Data to use section start

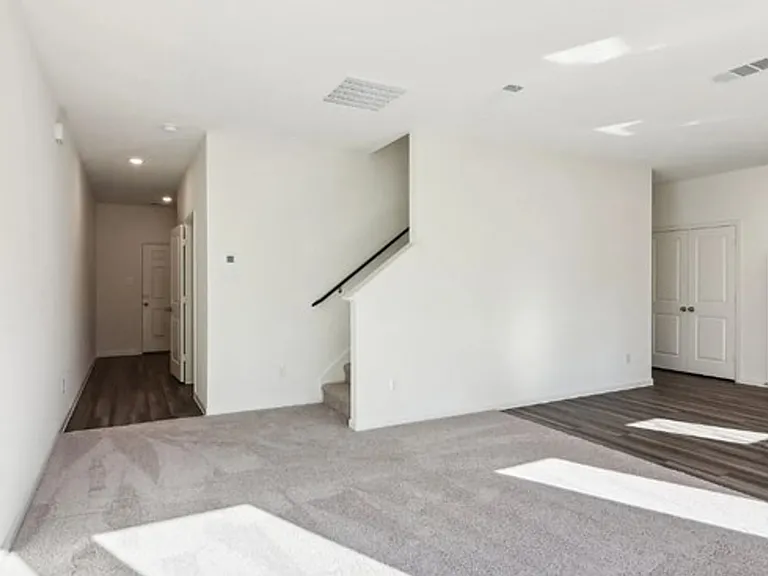 112 Connecticut Ct — Photo 7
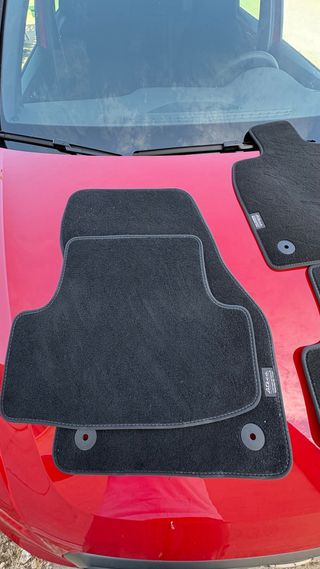 Alfombras de coche negras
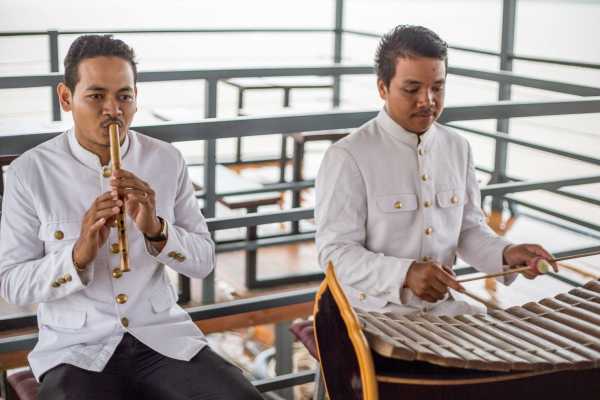 Sunset and Dinner Cruises w/Live Music, 5pm & 6pm; Free Pickup Available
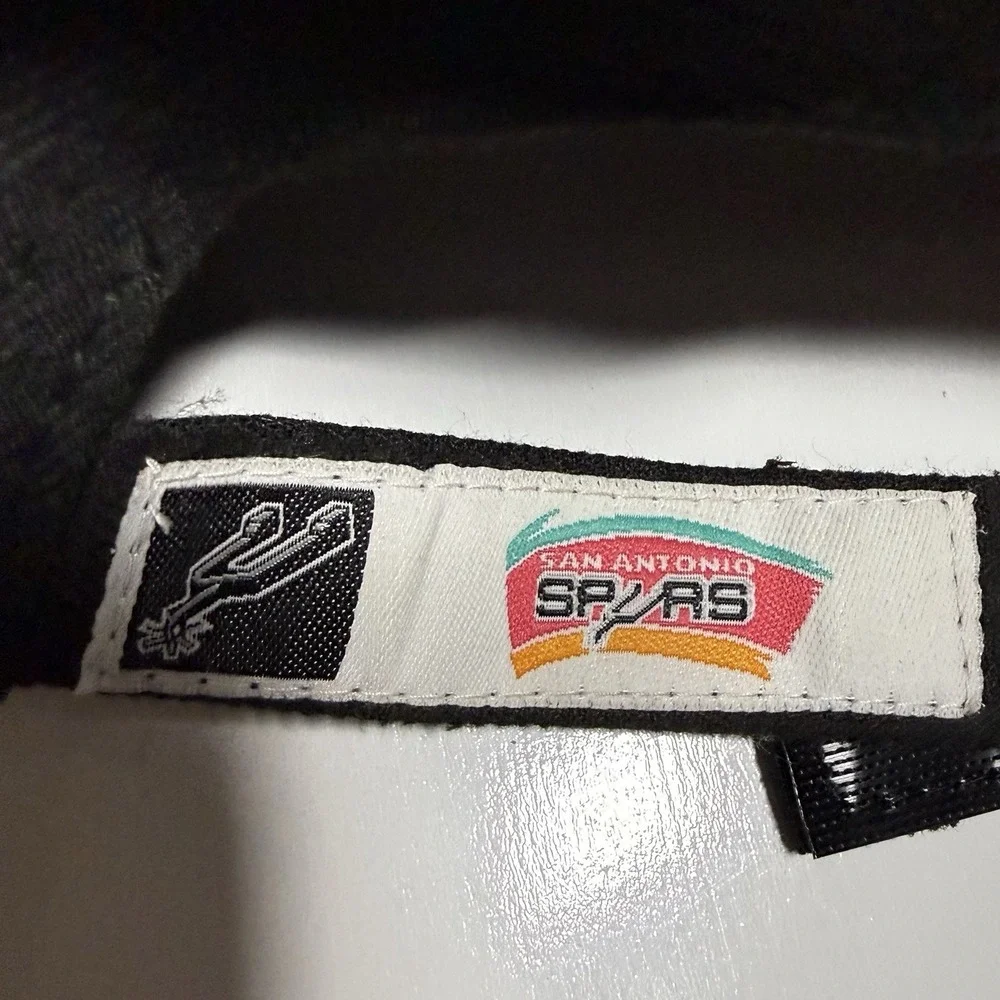 New Era 9Forty Youth San Antonio Spurs Adjustable Hat Hardwood Classic Black Cap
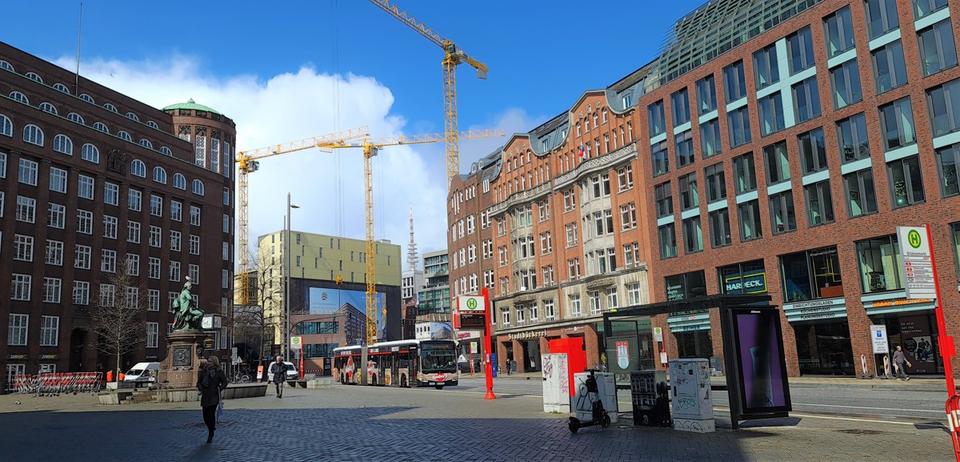 Dachgeschoßwohnung Hamburg Hamburg-Mitte - 3 Zimmer, 70 m&sup2;, 1.594&euro; | Angebot:26382884
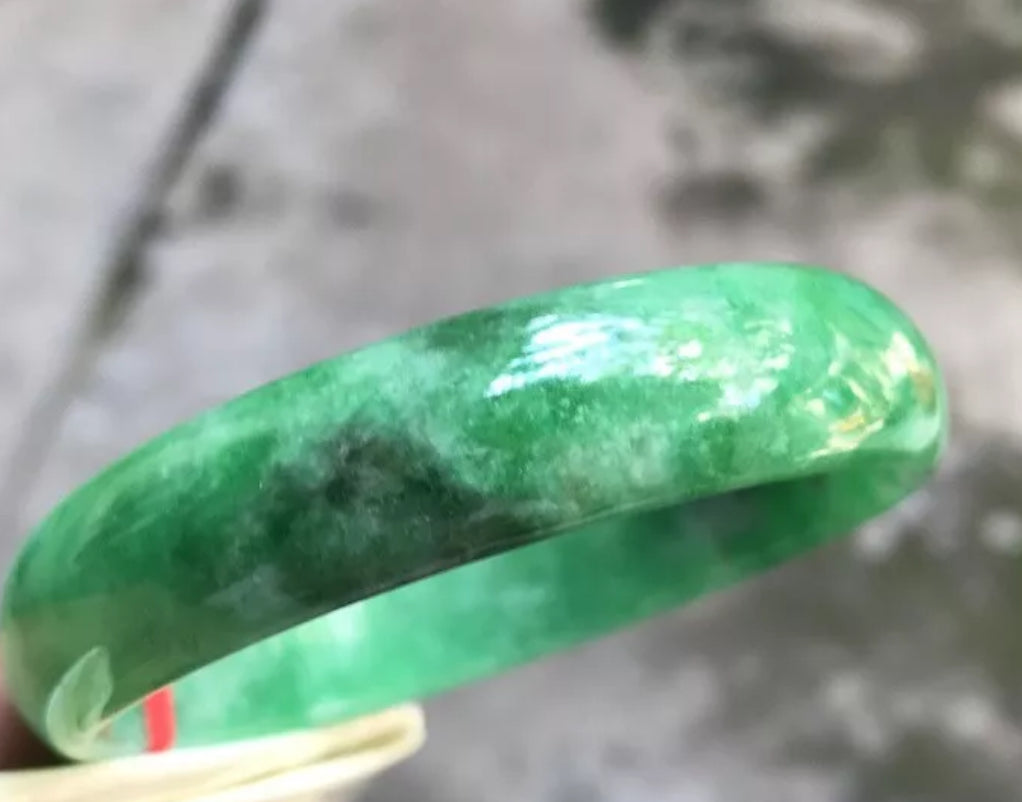 VINTAGE Large Jadeite Green Jade Bangle Size 62mm Emerald Green A464 - JazzyJewelbyAmina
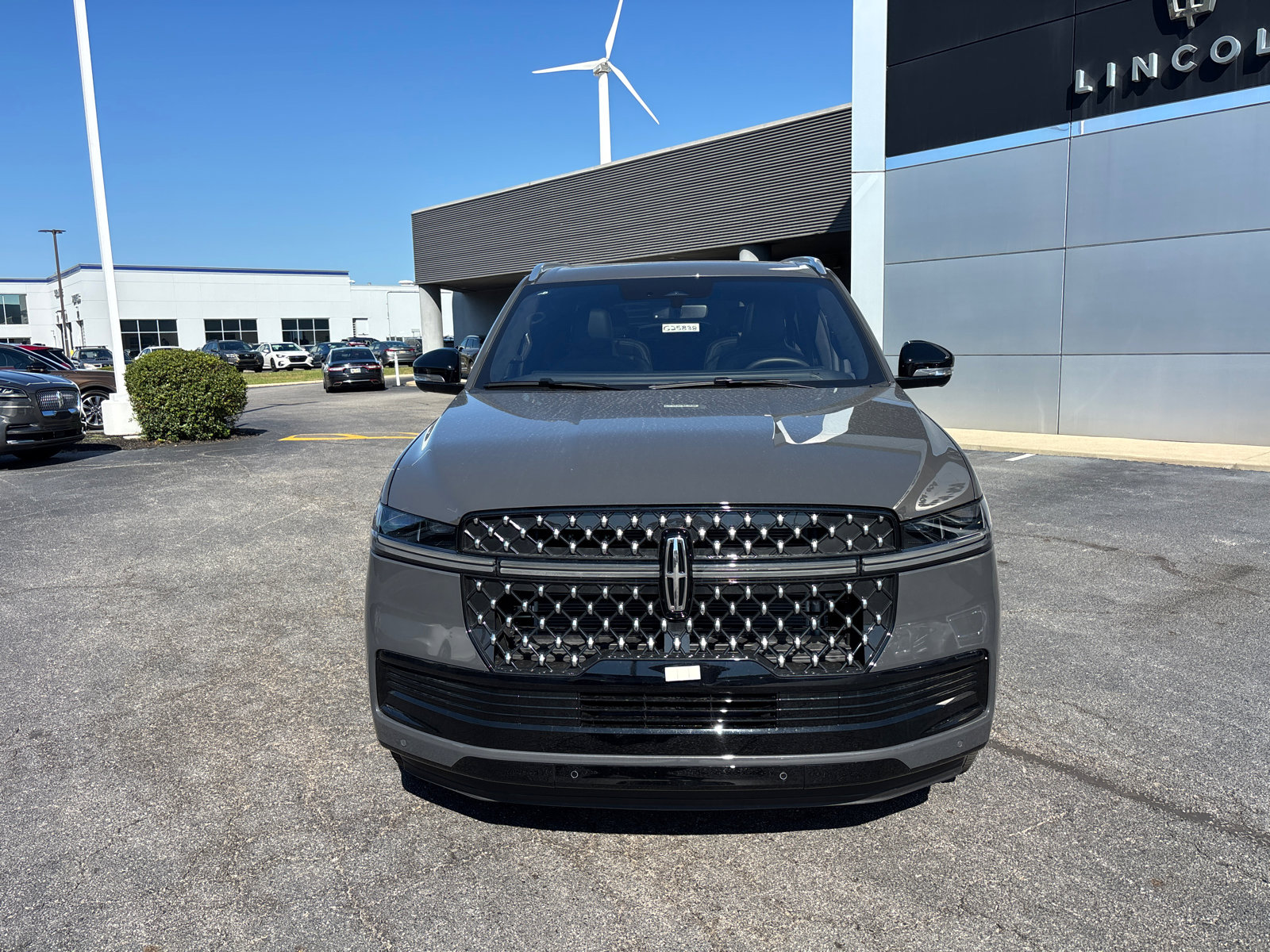 New 2025 Lincoln Navigator L Black Label image 2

Data to use section end

[Assigned task]: In the records above, find the line that contains "VINTAGE Large Jadeite" and retype it and all lines after it exactly, leaving out any pictures.

[Written answer]:
 VINTAGE Large Jadeite Green Jade Bangle Size 62mm Emerald Green A464 - JazzyJewelbyAmina
 New 2025 Lincoln Navigator L Black Label image 2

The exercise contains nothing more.